_TASK TO COMPLETE_
Look in the data below for the line that has "GOCCIA ILLUMINAZIONE - GOC14014K", then print exactly every line from there through the line that has "Burger Press 12,5cm wide", leaving pictures out.

_RAW DATA_
***

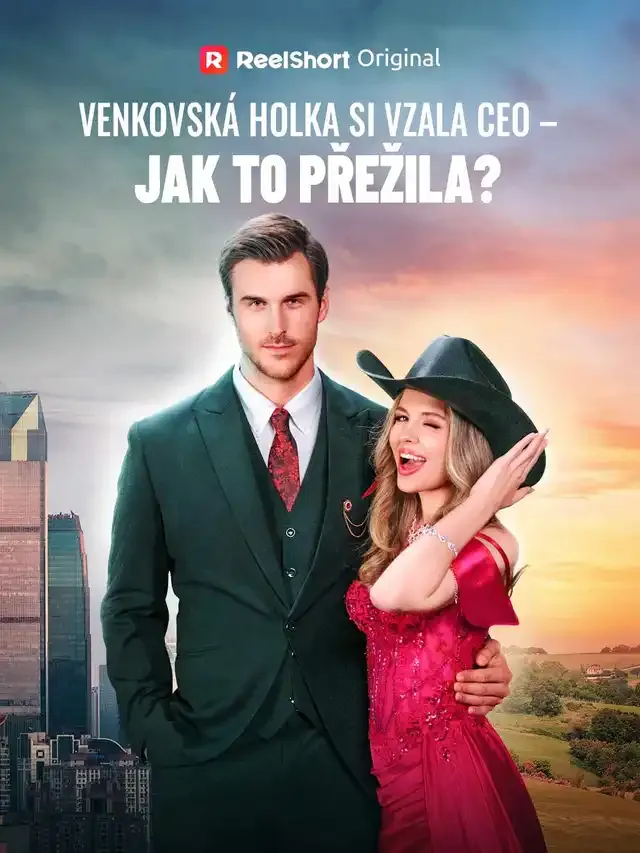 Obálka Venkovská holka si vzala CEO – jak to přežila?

***

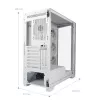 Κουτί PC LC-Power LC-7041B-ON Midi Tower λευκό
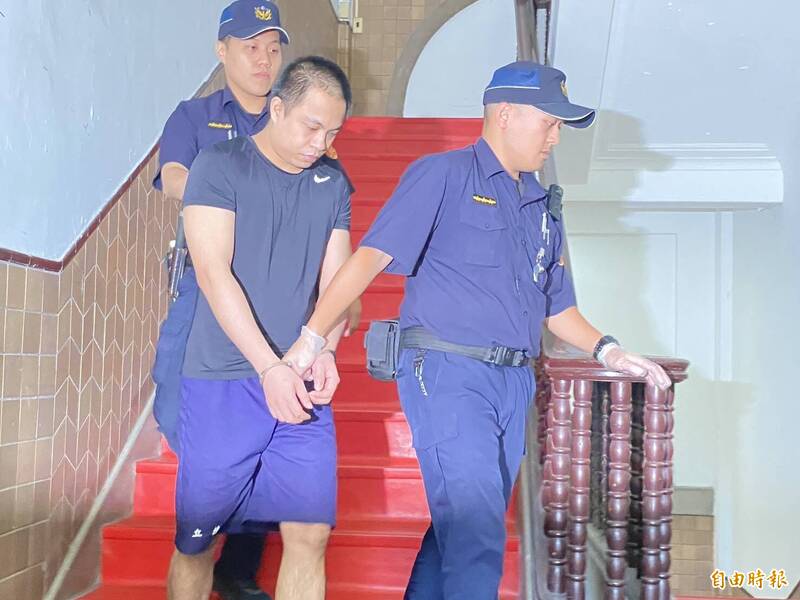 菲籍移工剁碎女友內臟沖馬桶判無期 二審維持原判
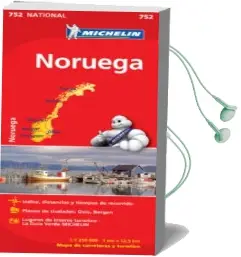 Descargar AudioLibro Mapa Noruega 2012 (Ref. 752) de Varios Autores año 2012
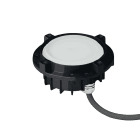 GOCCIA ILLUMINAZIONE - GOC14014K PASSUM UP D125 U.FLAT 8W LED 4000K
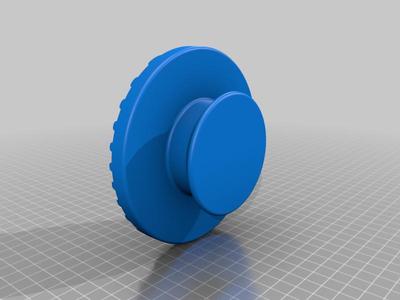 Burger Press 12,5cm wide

***

_SOLUTION FOR THIS TASK_
 GOCCIA ILLUMINAZIONE - GOC14014K PASSUM UP D125 U.FLAT 8W LED 4000K
 Burger Press 12,5cm wide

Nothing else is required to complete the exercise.